On any given evening, the Upper West Side is host to more singles events than one person could possibly attend. For some, the venue of choice is a university dive bar for happy hour. For others, it is a Torah study offered by a famous rebbetzin. For many, it is both. This is the unique flavor of the Upper West Side, and one of the reasons why it is a draw for so many young singles from all corners of the Jewish world.
But with each passing year, as new batches of young singles move into “the scene,” as it has come to be called, the Upper West Side has become an increasingly difficult place to meet one’s match. The growing number of options in people and activities has served not to help young Jewish singles to date and marry, but rather to date, and date, and date… and remain single.
“Something is seriously wrong in the dating world today,” a Jewish matchmaker remarked to me recently. It is a sentiment frequently shared, not just among the matchmakers who married in the 1970s and 1980s and recall their own dating days with fondness, but also among the young bachelors and bachelorettes themselves. Frustration and disappointment are now common experiences for those who invest time and money, not to mention emotional energy, in dates that rarely produce a relationship with any potential.

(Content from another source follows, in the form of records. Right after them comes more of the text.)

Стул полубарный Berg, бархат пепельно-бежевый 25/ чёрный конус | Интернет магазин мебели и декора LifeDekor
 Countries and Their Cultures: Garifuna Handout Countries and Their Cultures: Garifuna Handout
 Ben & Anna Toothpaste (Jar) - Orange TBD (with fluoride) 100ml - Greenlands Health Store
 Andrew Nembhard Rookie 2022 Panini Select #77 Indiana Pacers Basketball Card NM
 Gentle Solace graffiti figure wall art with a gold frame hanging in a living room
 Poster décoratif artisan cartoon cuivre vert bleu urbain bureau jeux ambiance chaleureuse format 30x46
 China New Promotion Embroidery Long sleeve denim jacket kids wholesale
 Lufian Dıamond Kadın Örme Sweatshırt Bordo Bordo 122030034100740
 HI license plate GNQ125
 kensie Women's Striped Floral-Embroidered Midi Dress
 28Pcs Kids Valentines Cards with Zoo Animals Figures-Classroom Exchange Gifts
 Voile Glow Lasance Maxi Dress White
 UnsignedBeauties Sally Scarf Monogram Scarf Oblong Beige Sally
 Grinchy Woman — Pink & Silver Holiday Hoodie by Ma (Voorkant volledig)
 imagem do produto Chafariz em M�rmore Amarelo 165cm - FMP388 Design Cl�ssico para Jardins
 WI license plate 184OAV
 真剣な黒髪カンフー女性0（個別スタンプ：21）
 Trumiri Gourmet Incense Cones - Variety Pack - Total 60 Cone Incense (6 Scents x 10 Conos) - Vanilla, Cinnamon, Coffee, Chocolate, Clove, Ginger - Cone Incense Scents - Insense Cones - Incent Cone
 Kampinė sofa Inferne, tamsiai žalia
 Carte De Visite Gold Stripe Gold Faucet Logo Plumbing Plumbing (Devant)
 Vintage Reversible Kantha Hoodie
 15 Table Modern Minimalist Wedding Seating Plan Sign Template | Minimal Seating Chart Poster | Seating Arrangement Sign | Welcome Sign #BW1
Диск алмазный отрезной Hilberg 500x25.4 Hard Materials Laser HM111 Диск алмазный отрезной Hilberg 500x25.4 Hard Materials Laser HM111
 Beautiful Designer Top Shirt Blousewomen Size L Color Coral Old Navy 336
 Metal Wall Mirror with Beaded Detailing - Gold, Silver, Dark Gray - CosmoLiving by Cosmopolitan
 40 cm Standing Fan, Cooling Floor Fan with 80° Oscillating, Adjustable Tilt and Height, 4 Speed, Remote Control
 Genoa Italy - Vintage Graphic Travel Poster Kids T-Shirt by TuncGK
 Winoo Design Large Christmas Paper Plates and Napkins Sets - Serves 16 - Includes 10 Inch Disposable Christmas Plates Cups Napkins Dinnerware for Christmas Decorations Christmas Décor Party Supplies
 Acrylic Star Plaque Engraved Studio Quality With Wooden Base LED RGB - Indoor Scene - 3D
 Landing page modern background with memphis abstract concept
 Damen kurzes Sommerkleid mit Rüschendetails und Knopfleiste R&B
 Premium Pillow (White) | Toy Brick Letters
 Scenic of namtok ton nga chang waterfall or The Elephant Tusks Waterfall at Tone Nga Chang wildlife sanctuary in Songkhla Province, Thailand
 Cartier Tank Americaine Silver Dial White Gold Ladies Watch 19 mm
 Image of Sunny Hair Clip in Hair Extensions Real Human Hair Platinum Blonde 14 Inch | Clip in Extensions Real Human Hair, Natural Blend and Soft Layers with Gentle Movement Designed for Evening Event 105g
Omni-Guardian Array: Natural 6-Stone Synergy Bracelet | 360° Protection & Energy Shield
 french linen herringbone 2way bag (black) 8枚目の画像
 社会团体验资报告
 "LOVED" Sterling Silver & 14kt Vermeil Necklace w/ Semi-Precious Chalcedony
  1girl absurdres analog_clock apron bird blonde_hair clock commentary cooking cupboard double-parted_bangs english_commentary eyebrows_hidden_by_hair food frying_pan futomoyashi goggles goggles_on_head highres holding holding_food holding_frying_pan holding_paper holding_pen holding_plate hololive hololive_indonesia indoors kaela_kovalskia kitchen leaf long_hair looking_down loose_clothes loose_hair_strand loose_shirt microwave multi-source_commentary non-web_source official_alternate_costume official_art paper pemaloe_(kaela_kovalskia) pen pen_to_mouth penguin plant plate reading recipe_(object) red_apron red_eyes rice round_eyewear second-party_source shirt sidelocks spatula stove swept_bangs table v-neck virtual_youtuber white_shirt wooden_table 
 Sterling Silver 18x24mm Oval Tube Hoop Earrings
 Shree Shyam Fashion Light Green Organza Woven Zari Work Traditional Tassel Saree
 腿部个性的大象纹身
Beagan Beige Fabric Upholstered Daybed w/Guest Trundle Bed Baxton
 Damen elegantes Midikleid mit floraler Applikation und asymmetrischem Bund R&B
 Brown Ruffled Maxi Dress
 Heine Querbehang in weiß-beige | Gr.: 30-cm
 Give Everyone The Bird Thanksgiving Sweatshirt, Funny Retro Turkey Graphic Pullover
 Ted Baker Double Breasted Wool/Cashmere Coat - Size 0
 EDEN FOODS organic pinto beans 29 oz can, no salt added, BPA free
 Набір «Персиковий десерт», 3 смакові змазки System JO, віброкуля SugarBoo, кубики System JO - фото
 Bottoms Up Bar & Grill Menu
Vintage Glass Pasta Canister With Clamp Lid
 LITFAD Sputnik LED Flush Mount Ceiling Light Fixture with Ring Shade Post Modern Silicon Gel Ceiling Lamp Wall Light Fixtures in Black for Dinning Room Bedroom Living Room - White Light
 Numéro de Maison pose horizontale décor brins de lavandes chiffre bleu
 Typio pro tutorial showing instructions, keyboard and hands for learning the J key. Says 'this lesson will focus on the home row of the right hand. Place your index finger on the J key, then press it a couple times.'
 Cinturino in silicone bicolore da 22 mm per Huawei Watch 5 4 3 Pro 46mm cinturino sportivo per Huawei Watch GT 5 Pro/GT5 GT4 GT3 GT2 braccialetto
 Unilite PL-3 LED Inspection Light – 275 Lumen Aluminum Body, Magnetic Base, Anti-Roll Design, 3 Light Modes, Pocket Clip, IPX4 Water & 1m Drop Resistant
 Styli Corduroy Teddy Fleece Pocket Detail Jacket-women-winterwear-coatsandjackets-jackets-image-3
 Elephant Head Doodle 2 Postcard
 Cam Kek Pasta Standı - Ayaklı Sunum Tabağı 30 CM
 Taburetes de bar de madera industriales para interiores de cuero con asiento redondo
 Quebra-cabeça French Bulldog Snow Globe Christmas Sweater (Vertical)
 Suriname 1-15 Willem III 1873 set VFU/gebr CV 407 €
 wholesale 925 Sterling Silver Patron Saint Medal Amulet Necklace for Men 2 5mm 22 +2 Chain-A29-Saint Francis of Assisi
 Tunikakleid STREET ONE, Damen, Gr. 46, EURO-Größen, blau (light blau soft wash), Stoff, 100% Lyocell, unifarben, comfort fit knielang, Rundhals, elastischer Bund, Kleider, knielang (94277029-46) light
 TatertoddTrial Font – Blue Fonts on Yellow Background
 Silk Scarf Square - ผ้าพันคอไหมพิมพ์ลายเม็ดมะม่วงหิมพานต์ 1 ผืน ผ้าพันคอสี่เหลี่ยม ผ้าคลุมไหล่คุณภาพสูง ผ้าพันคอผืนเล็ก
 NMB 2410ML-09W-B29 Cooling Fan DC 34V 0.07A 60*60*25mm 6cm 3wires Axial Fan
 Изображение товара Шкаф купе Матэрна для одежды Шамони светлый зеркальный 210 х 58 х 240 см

This failed-dating syndrome has affected young women much more than their male counterparts. Even for the community’s most attractive and accomplished young women, it can be hard to get a decent guy on a date, let alone into a relationship. The gender disparity is a product of several factors, including traditional dating logic. While the dating pool grows for men as they get older, and often continue to date younger women, the choices shrink for women, who often prefer to date men their own age or older.
The situation is further skewed by the fact that many young men spend their 20s focusing on their careers and basking in the frivolities of bachelorhood before undertaking to date “seriously” in their 30s. At that point, the 30-something man will pass over women in his own age group in favor of significantly younger girls. It is no longer uncommon to find an educated and accomplished man in his mid-30s dating, and even marrying, a 20-year-old college student.
The evidence is also apparent in the demographics. A growing number of the women who moved to the Upper West Side five or 10 years ago as edgy 20-somethings now find themselves in their mid-30s with significantly fewer prospects. Men of the same age, on the other hand, seem to have a reasonably easy time finding younger women who are possibly cuter, probably less jaded and definitely more likely to, ahem, bear children more readily and for a significantly longer period of time.
It would be one thing if this were a readily acknowledged problem, one that community leaders were at least attempting to correct. But many of the Upper West Side’s community leaders are men — no few of them single men — who have surprisingly little understanding or sympathy for the situation they themselves have helped to foster.
It is a sad situation that has become all too commonplace in one of the most vibrant, young Jewish communities in the country. Where dating was once a process that brought two people together, it has instead become a long-term lifestyle institutionalized by a no-holds-barred singles culture.
As a result, the dream of Mr. or Mrs. Right is quickly being replaced by the convenience of Mr. or Mrs. Right Now — and so far it seems that young Jewish women are on the losing end of the bargain.
Lauren Gottlieb, a Washington-based writer, is a former resident of the Upper West Side and remains actively involved in New York’s Jewish singles community.